Le pareti laterali sono decorate in modo analogo e simmetrico; nei riquadri sono vari elementi decorativi, un cervo in volo con accanto una faretra (forse allusivo
al mito di Atteone trasformato in cervo da Artemide o, più semplicemente, alla caccia), una testina (gorgoneion) compresa entro volute. Rimane anche un frammento della parete dell’ingresso con una testina, tipo gorgoneion.
In più tratti della parete si notano i numerosi graffiti presumibilmente eseguiti prima che la stanza ricevesse l’ultima tinteggiatura bianca a calce: numerazioni forse di giorni, serie di nomi, incolonnati, segni non ancora decifrati, posti da persone di stato servile, forse dagli stessi artigiani incaricati degli interventi di restauro.

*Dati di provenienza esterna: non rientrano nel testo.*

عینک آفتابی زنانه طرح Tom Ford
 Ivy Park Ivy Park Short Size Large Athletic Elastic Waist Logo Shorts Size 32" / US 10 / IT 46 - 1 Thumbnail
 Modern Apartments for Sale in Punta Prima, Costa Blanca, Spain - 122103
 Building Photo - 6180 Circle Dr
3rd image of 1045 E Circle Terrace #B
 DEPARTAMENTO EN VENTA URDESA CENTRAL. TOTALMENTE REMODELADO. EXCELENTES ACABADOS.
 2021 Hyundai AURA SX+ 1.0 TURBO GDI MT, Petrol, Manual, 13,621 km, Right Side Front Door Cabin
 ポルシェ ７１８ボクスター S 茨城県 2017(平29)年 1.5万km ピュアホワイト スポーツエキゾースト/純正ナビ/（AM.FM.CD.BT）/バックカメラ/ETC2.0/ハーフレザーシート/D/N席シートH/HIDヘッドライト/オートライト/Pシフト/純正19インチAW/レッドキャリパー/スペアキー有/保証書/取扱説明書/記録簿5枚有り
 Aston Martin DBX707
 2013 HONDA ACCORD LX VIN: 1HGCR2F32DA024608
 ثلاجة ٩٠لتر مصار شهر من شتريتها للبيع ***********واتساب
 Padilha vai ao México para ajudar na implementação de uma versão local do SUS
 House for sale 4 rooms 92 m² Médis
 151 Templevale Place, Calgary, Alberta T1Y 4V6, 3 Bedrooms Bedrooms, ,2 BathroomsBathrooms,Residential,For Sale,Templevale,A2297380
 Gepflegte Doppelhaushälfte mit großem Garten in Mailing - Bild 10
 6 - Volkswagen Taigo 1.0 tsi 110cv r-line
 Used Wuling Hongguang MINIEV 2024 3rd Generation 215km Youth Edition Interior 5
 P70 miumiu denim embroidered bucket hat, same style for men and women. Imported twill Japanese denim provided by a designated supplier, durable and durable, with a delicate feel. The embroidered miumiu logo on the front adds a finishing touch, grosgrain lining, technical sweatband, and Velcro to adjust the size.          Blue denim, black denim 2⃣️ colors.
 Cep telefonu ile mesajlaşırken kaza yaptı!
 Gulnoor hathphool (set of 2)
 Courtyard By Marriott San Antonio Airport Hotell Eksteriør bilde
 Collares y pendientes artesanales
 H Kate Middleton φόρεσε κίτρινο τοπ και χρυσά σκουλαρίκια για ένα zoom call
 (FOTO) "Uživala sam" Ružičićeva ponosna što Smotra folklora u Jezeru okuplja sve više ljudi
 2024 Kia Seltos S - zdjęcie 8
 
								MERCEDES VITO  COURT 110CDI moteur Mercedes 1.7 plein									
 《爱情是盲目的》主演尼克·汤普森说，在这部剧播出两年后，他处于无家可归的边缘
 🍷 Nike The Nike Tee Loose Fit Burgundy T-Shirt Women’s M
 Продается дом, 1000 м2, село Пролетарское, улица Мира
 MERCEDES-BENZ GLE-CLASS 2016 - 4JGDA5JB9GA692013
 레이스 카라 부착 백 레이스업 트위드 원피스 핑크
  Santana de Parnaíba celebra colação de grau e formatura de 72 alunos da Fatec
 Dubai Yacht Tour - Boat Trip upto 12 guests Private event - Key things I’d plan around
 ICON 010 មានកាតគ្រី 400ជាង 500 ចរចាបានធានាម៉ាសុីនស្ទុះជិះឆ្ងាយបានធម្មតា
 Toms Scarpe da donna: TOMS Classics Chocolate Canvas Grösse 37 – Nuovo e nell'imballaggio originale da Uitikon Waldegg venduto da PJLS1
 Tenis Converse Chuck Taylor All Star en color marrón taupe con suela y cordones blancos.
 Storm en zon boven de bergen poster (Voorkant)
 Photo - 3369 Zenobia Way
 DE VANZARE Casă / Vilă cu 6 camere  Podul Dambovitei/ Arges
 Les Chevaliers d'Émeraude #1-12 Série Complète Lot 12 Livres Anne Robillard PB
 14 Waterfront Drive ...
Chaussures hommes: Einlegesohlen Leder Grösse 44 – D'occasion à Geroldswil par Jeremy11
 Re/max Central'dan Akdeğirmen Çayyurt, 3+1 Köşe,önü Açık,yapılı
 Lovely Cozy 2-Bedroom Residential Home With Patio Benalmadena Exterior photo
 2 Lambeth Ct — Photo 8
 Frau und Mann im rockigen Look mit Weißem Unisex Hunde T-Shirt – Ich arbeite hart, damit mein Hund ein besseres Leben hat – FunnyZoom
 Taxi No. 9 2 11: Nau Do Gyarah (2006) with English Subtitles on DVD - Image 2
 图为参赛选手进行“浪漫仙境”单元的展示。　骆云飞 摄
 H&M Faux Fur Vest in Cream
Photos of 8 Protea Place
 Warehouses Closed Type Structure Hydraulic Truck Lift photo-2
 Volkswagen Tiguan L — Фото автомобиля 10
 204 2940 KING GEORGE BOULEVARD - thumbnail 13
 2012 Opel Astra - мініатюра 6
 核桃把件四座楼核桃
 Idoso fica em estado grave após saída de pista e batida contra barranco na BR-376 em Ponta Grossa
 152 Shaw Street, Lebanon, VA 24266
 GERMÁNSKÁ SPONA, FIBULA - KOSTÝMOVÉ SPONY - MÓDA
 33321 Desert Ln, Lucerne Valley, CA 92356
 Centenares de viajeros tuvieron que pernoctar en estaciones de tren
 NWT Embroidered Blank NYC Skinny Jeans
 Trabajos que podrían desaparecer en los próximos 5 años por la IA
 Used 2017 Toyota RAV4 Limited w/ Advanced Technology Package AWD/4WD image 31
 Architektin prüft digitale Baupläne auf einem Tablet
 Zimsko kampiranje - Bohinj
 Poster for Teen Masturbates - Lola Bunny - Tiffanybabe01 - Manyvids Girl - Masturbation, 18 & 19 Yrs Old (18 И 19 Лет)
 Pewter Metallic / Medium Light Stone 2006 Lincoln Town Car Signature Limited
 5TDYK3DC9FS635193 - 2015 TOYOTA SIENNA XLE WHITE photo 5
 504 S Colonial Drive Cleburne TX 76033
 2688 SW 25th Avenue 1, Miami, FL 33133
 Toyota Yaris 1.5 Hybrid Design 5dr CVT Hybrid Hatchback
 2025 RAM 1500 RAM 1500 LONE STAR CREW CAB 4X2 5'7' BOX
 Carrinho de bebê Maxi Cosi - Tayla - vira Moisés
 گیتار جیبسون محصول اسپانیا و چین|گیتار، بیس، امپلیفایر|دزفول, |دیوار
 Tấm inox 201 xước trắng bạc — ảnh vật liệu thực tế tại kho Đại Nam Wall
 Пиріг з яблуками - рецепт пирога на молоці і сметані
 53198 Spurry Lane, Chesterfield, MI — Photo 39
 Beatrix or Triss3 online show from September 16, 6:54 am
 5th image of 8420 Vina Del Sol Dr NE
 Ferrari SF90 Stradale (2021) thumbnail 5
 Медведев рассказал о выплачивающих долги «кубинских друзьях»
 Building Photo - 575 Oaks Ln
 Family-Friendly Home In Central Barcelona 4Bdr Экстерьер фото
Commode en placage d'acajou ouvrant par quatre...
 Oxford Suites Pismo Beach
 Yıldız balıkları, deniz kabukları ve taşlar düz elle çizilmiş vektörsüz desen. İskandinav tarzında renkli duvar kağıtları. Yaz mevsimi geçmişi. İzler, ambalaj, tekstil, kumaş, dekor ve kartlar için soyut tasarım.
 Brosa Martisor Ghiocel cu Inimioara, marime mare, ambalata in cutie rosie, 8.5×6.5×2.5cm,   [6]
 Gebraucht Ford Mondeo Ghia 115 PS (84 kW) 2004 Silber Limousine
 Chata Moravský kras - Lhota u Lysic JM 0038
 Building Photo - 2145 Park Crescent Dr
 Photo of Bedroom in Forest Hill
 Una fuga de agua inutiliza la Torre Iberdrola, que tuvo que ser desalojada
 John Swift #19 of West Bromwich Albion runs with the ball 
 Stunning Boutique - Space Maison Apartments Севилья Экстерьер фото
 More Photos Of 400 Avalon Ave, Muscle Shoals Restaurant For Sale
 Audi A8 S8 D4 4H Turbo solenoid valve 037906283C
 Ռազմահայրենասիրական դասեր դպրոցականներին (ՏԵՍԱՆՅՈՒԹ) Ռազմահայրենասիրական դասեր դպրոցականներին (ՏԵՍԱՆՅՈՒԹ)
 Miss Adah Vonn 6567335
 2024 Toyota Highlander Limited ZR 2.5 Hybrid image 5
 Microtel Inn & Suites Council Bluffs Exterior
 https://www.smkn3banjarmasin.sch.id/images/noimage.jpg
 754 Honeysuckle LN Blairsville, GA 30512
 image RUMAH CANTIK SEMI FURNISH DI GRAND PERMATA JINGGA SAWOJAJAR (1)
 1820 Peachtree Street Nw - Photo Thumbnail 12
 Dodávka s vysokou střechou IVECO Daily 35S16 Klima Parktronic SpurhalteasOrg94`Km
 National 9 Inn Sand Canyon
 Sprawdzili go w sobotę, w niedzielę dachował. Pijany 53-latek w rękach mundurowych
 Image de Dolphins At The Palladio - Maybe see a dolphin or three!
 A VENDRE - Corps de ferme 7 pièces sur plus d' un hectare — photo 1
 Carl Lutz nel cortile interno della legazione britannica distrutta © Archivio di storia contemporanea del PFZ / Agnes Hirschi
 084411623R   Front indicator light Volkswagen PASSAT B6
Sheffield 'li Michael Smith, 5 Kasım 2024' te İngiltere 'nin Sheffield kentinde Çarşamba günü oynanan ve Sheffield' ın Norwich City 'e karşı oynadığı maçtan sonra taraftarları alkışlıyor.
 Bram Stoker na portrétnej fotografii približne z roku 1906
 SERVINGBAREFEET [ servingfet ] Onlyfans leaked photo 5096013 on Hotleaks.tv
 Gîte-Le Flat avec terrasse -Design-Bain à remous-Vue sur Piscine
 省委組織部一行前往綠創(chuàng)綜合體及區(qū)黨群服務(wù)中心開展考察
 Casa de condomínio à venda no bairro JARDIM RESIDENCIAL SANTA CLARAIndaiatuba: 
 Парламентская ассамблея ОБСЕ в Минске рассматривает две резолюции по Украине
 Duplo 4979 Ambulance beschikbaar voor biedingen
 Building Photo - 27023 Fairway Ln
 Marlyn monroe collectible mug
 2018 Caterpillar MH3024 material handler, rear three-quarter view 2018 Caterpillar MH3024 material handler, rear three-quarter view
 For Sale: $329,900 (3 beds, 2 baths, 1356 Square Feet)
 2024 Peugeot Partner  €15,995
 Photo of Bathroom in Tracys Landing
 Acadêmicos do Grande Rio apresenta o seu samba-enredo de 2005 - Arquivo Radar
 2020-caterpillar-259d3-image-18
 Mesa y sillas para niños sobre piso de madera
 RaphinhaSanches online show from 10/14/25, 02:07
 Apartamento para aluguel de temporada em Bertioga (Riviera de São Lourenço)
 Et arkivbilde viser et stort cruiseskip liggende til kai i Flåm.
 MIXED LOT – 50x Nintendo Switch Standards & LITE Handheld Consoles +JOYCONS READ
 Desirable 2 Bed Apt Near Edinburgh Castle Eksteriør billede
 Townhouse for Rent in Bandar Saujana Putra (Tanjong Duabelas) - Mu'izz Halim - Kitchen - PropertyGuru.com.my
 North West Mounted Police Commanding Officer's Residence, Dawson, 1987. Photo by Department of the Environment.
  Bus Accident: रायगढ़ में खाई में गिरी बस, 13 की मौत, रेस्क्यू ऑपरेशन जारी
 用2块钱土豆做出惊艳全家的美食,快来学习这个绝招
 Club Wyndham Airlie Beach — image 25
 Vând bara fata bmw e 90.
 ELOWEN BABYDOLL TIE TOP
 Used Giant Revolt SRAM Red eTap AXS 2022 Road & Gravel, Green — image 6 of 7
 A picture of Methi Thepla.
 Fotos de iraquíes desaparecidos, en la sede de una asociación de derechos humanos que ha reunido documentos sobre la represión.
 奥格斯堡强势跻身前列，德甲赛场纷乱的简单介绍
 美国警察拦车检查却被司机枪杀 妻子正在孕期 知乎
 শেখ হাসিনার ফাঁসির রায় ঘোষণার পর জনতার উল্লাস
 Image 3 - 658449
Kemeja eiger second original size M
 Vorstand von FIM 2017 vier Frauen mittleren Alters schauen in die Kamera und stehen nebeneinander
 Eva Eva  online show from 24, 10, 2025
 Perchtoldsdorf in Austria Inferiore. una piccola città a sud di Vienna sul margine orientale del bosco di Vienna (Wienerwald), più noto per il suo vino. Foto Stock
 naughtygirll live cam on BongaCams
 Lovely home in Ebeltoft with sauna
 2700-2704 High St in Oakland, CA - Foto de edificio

Stile e sistema decorativo dei tre ambienti sono differenti, per quanto riguarda il modo di interpretare la ripartizione della parete, che in alcuni casi suggerisce forme di illusionismo prospettico, in altri disegna una composizione di puro carattere decorativo.
Anche per questa stanza la decorazione superstite si può datare alla fine del II sec. d.C.

I BALNEA
I balnea erano bagni pubblici realizzati e gestiti da privati, le thermae erano i complessi costruiti dallo Stato o dalle amministrazioni locali.
Il quartiere Esquilino, ad alta densità abitativa, aveva numerosissimi balnea per le esigenze del quartiere, aperti dalla mattina al tramonto, frequentati quotidianamente da persone di ogni ceto e classe sociale che, a tariffe irrisorie, vi trascorrevano lunghe ore occupandosi dell’igiene e della salute del corpo, ma anche degli affari e delle relazioni sociali. In questo quartiere l’imperatore Diocleziano (inizi IV sec. d. C.) fece costruire il complesso termale più grande della città.
I balnea di Piazza dei Cinquecento soddisfacevano bene a quanto previsto dal percorso termale e offrivano comfort e lusso ai clienti con stanze riscaldate ornate di marmi, affreschi e arredi, ampie finestre e scintillanti tessere di pasta vitrea che ornavano le volte.
La decorazione pittorica riproduce un’ambientazione termale direttamente riferita alla funzione delle sale.
Il vasto salone absidato E12, per incontri, rappresentanza e anche spogliatoio, era decorato da un rivestimento in lastre di marmo alto 2,60 m a cui si sovrapponeva la parte dipinta, in gran parte distrutta nell’Ottocento, nota da disegni eseguiti all’epoca: si tratta di scene di toletta femminile con leggiadre figure di donne
svestite, accompagnate da inservienti. Nell’affresco esposto si riconoscono bagnanti nude con sandali, convergenti al centro verso un’inserviente con lungo abito frangiato e capsa (cassetta per il bagno); in primo piano, un paio di scarpette e un vaso di bronzo. Le figure si inseriscono in un sistema architettonico con
colonne e pilastri in prospettiva; la fase decorativa è della fine del Il sec. d. C.
Gli altri pannelli qui presentati appartengono ad ambienti attigui e vicini a uno degli ingressi del settore meridionale dei balnea.

Il frammento con figura in volo e prospettive architettoniche del corridoio E 30 testimonia la pittura della fase di epoca antonina (dopo il 160 d. C.), conservata sotto la pittura, meno raffinata, della fase successiva della fine del secolo; mostra le picchiettature che venivano effettuate sull’intonaco per far aderire meglio alla parete la nuova decorazione secondo la tecnica in uso nella pittura romana.
Alla grande sala spogliatoio E 33 appartiene il pannello con la figura centrale di una donna coperta solo da una fascia intorno al seno e da un perizoma nel gesto elegante di tenere un velo.
Alla sala da ginnastica E 32 appartengono i pannelli con figure di addetti ai servizi termali con lunghe vesti, che svolgono le consuete attività, a cui fanno riferimento anche gli oggetti dipinti nei riquadri inferiori.
L’intento era di rappresentare realisticamente gli addetti ai servizi termali e i clienti superando le quinte architettoniche con le grandi figure in primo piano. Per le bagnanti in perizoma, è d’obbligo il riferimento alle più tarde (prima metà del IV secolo) e ben più celebri “ragazze in bikini” della villa siciliana di Piazza Armerina.